One thing worth adding to this is that what wg-quick does here - adding routes for each entry in AllowedIPs and a corresponding routing policy - is not part of wireguard itselfbut a wg-quick specific thing.
This can become important if you want to have redundant gateways or something like that - you can have overlapping AllowedIPs, it just won't work out of the box with wg-quick.
For example, systemd-networkd started also adding routes by default in v250 but (rightly so IMO[0]) reverted to not doing it in 250.3.
Unrelated question. But may be someone knows enough. Is it possible to create high-available wireguard server? Like I put load balancer on UDP :51820 before servers and then those servers somehow share a session pool, so when one goes down, another can continue serving clients without interruptions.
Naive approach does not work: wireguard establishes connection and if backend server changes, this connection stuck for a few minutes until wireguard decided to establish new connection. Persistent Keep Alive does not help for some reason. Eventually it'll re-establish new session and will work from now on, but this delay is unacceptable.
Thanks, it seems that they just OK with user being offline for minute or two, they use ordinary configuration. I'm using the same approach, but I'd really love instant switchover.
Great article! Does anyone know of a similar resource for MacOS?
I’ve been trying to use Tailscale together with my company’s enterprisey CloudFlare VPN and Tailscale rules never seem to evaluate, even with split tunneling etc enabled. Need to dig into those routing tables one of these days…
Anybody working on an enterprise bundle and support package for wireguard? All "enterprise" vpn solutions I've had to touch in the past 10years are flaky at best.
Isn't this the same problem the old VPN problems had though? If it fails to delete its two rules then your routing is still boned.

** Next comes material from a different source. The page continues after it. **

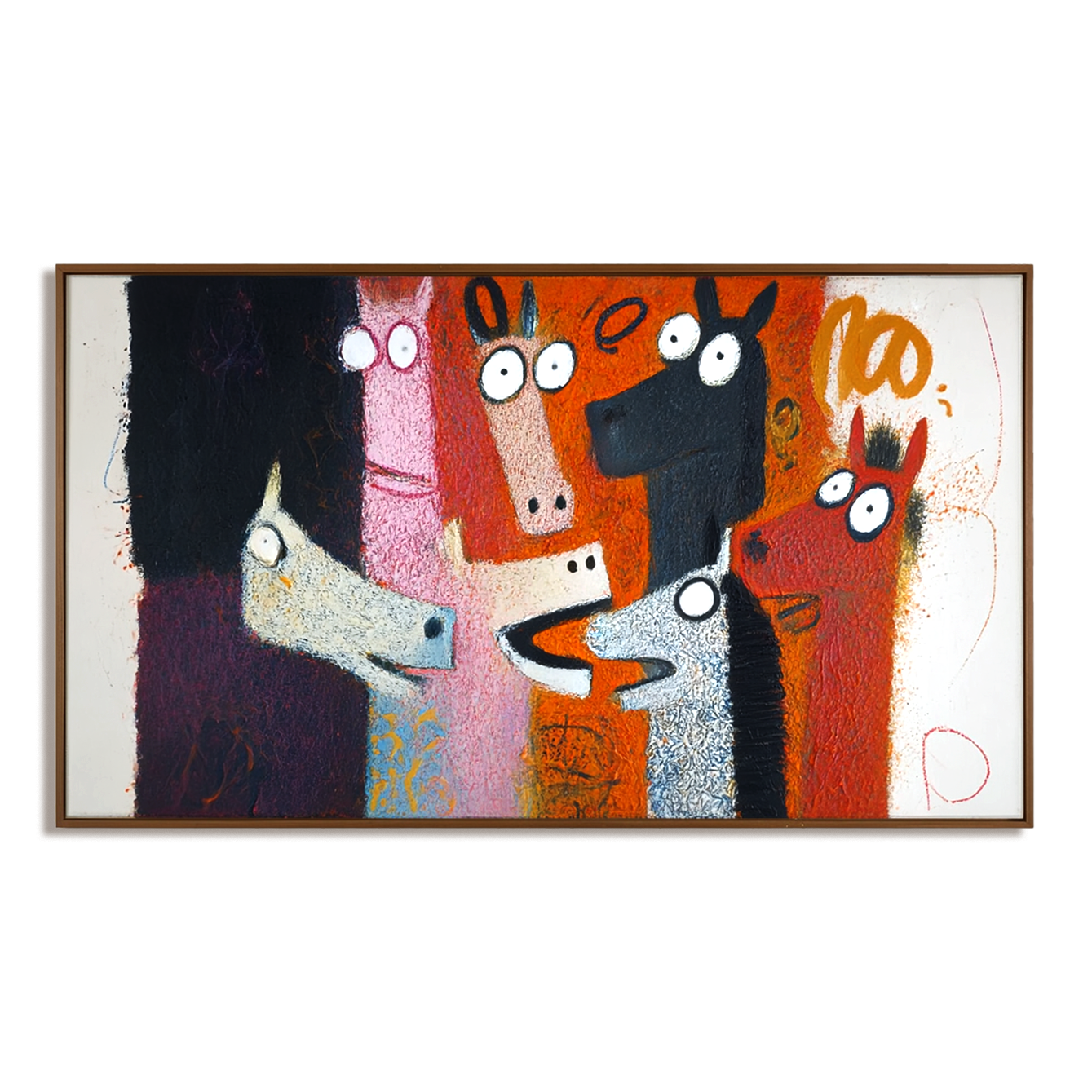 Playful Herd — Abstract Horse Oil Painting, Naive Art Textured Wall Art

For comparison OpenVPN doesn't use the ip rule infrastructure, instead it installs two rules directly on your routing table, but not for 0.0.0.0/0. Instead it installs rules for 0.0.0.0/1 and 128.0.0.0/1, creating a rule that has slightly higher priority than the default route so it can leave the default in place and not get burned with NetworkManager decides to delete and re-add the default route for whatever reason.
Not having the routes cleaned up after the VPN exits is usually not the problem, as they are tied to the TUN interface and get cleaned up by the kernel when that interface is destroyed anyway. The bigger issue is clients that forget to install the host route to the VPN endpoint. I see that error a lot and it always drives people crazy because their VPN client negotiates and connects properly, and then everything breaks for no obvious reason.